Martian Knightlife by James P. Hogan

“What about the princess who owns the place?”

“Throwing a fit and hurling death threats, preparing to defend the last bastion of her realm at the bedroom door.”

“Oh dear. Well, she’ll get over it. . . .” There was a pause as June seemed to take an interruption from elsewhere. “Look, Kieran, I have to go. Maybe you could use some time resting up. I should get away, I’d say, between six and six-thirty. Maybe we could meet for dinner out somewhere?”

“How about the restaurant of that new hotel that they’ve added to the spaceport—the Oasis? Have you tried it yet?”

“No, I haven’t. It’s only recently opened. Sounds good.”

“How about seven?”

“Seven, it is. I’ve got some quick meals and a few snacks in the apartment if you need them. Or there’s some salad, cheese, and a bit of leftover pasta that’s not bad. Help yourself. I got some dog food in too—under the counter left of the sink.”

“Fine. So I’ll see you later.”

Kieran put the phone back in its slot, the comset back in his jacket pocket, and looked down to find Guinness watching attentively. “Yes, that was Aunt June. You know she was talking about you, don’t you?” Guinness wagged his tail, then looked toward the closet below the counter. “You’re right. I could use a bite too. Come on, then. Let’s see what she’s got for us.”

3

The Oasis restaurant turned out to be pleasantly relaxing, with niches opening off a central area and imaginative use of floral partitions among the tables providing a secluded atmosphere conducive to talk. Kieran and June both settled for the seafood buffet—an odd-sounding offering to be encountered on Mars, which was actually fresh, not frozen imported. “Fish-farm-food buffet would be terminologically more exact,” Kieran remarked as they collected their plates and sampled the offerings.

June had long, midnight-black hair that fell in a sweep to her shoulders, where it broke in an upturned wave, and a finely formed, angular face with a straight nose and full mouth, which in its natural state hovered just short of an impish pout. Her dark, alive eyes had always given Kieran the feeling that anything short of outright candor with her would be pointless, since they could read his thoughts as they formed in his mind. At the same time, whatever went on in her own remained impenetrable unless she chose otherwise. The dark blue, sleeveless dress she was wearing, along with her black hair, accentuated the paler hue of her face and arms in the subdued lighting above the booth they had found.

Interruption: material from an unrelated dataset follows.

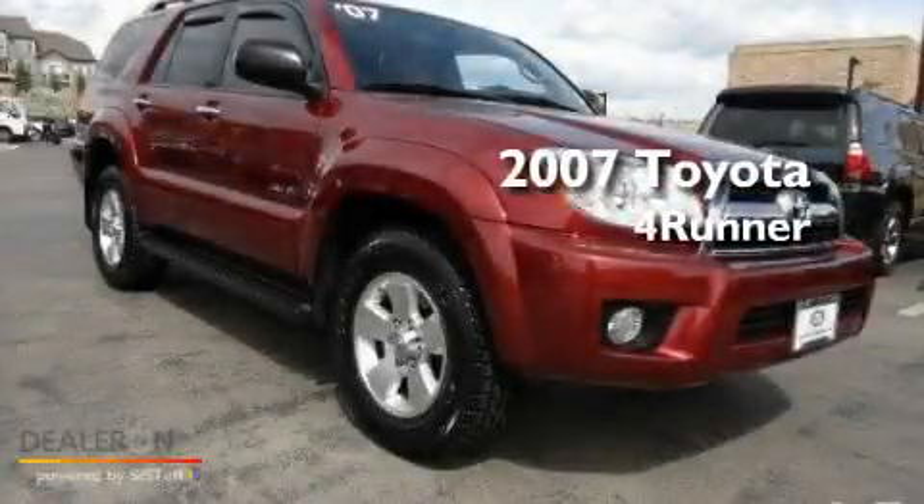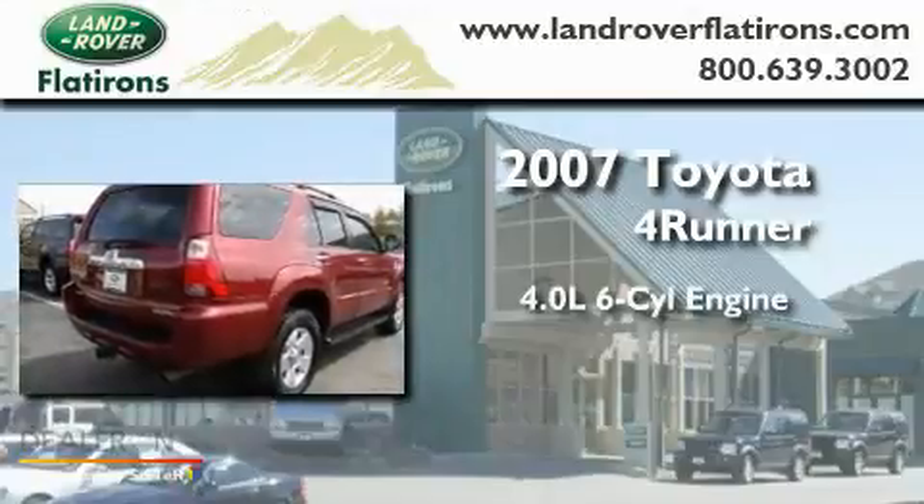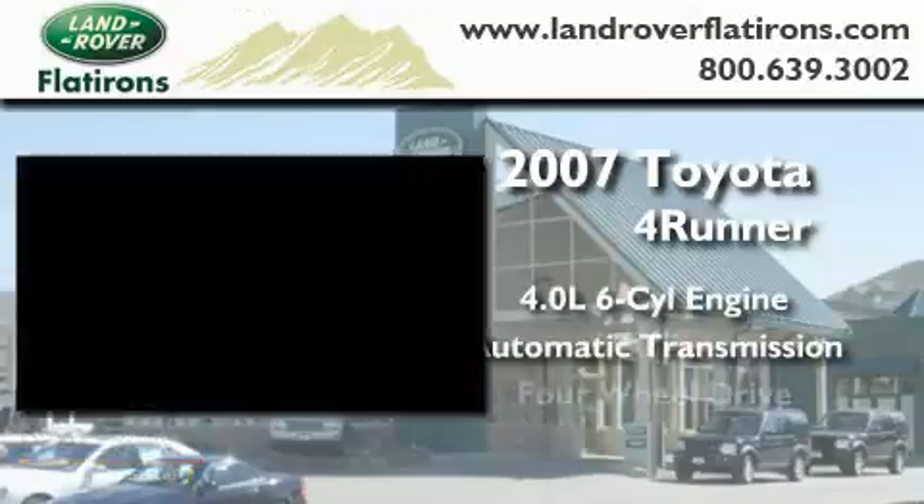This is a 2007 Toyota 4Runner. It has a 4.0-liter six-cylinder engine, an automatic transmission, and four-wheel drive.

She and Kieran were kindred free spirits thriving in the environment of diversity and opportunity being created in the expansion outward from Earth, following orbits that recrossed periodically like those of other errant and adventurous bodies inhabiting the Solar System. June worked for herself as a scientific news explorer and information broker, which she sometimes combined with special commissions as a publicist.

After they had devoted aperitifs and the appetizer course to the required preliminaries of updating each other on old friends and reliving choice snippets of past adventures, Kieran finally came around to the point. “So everything went okay yesterday at Quantonix?” June had said as much over the phone earlier, but it broached the subject.

“Perfectly,” she replied.

Kieran looked at her expectantly, but she tantalized him by taking more from her plate and glancing at him challengingly every few seconds while she carried on chewing. “Is it what I think it is?” Kieran asked finally.

June stopped playing with him and nodded. “They did it with a human: Sarda himself—from a lab in the basement to another upstairs. It was practically his technology. He wouldn’t let the first subject be anyone else.”

“And everything went okay? He’s walking around and talking normally? Knows everything that the original did?”

“Absolutely, so far,” June said. “And if there were anything amiss, I think it would have shown by now. They’ve been running him through every kind of test imaginable all day. He registers the same scores on everything: physical, mental, motor; language, numeric, spatial; long-term memory, short-term memory. . . .” She shook her head. “It was astounding. I had trouble believing what I was seeing.”